Another reason for these differences may be the fact that for the simulations, we assume a binary profile of the refractive index inside the investigated sample. This criterion may not be always satisfied due to small structural inhomogeneities. Our analysis shows that the transfer matrix method (TMM) is a very precise tool even if we use only average values of the refractive index (n av ) and extinction coefficient (κ av ) for the calculations.

As a result, thicknesses of multilayer structures were determined by means of the reflection TDS technology with high precision. In the case of a BT10 sample, we performed independent calculations for both orientations of the electric field in relation to the arbitrary chosen edge of the sample.

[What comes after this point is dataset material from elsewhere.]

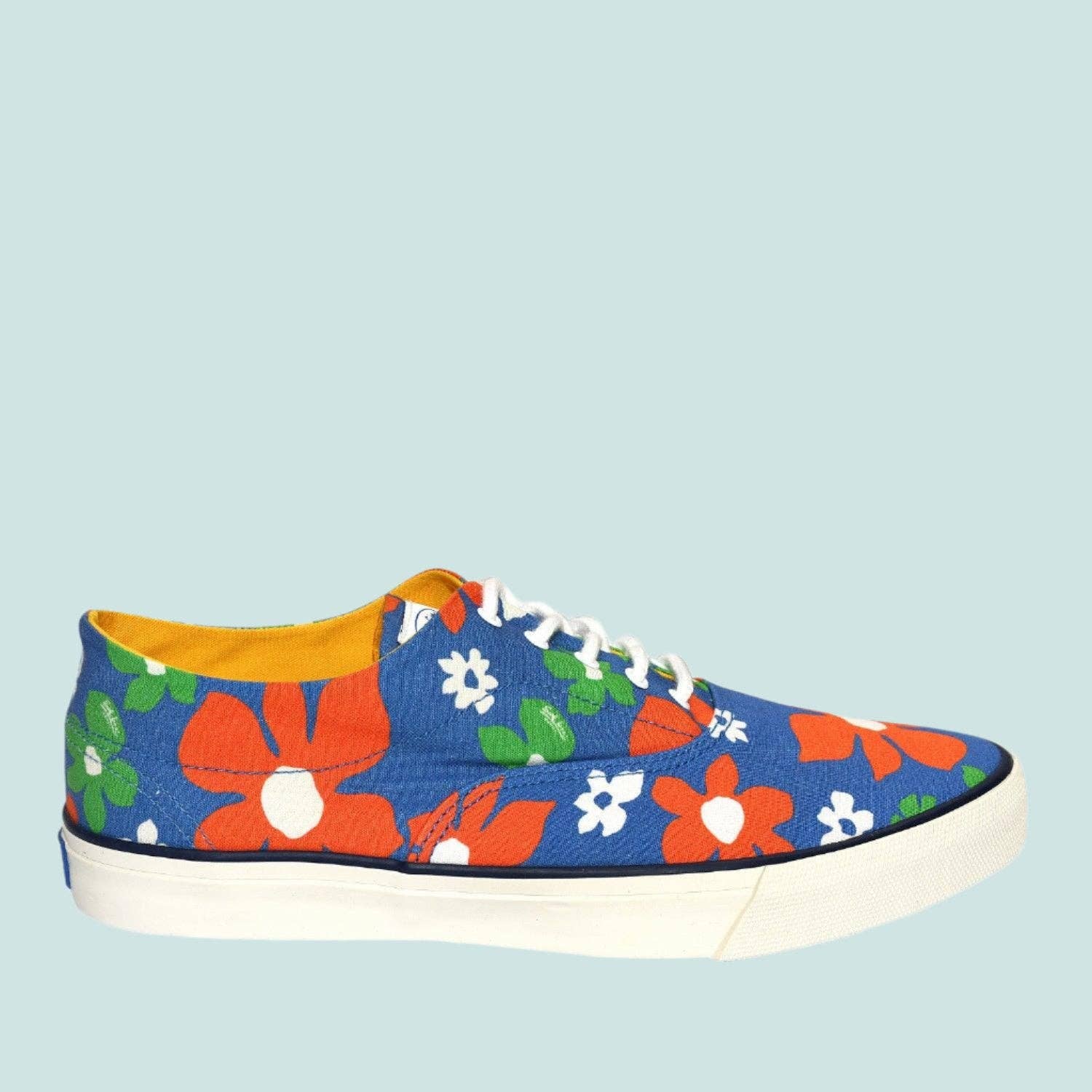 Wholesale Keds Collaboration Sneaker - Tradewinds Blue for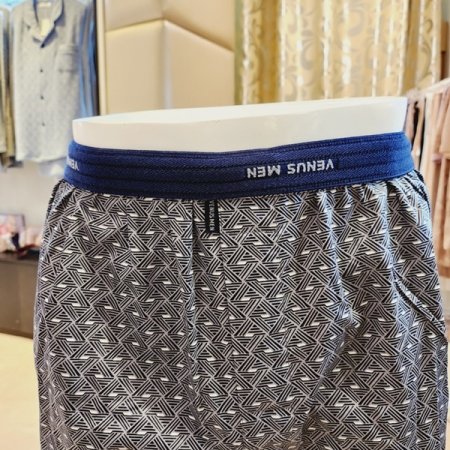 내측밴드 면100수 남성 트렁크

Here, 240 layers were calculated having the average thickness of about 43 ± 2 μm (in this case, double layers existed—two consecutive layers with the same fiber orientation). Almost identical results were obtained for both orientations of the electric field. Ninety-eight percent of thickness values differ by less than 1 μm, which confirms the correctness of the applied method. For the HB50 sample, we counted 165 layers with the average thickness of about 61 ± 7 μm, which corresponds to data known in the literature for such samples. Here, double layers were not present due to the different structures of the composite material (non-woven).

The main restriction of the presented method is connected with the assumption of a binary profile of the complex refractive index of the samples, which is not completely true in real samples due to technological limitations. Moreover, the complex refractive index of the investigated samples was approximated to be spectrally constant, which seems to be a sufficiently good approximation for the 10-mm-thick samples. The accuracy of the calculation of layers’ thickness by means of the proposed TMM-based method can be improved by optimization of both thickness and the spectrally dependent complex refractive index independently for each layer. This computationally demanding task for a 200-ply material could be accelerated by using a graphical processor unit to analyze a multilayer system within a few minutes. With the hybrid approach, which combines the advantages of the brute force and the stochastic optimization approaches, we can significantly increase the efficiency of our approach. Finally, the proposed algorithm does not consider secondary reflections from the interfaces, so-called etalon effect. Although this phenomenon seems to be negligible for the considered structures due to the relatively small value of the reflection coefficients, this fact should be also taken into account in rigorous computations.

To sum up, the presented THz TDS-based method allows for non-ionizing and contactless examination of multilayer UHMWPE composite samples with accurate determination of number and individual thicknesses of layers. The growing number of threats of the contemporary world, including wars and terrorism hazards, leads to the need of finding the materials which can improve the people protection against different weapons. Therefore, UHMWPE composites, due to their high ballistic protection, seem to be appropriate response to these requirements. Moreover, new nondestructive evaluation methods, which can be applied for quality control of different products manufactured from UHMWPE (like personal armors, bulletproof vests, helmets), are really needed.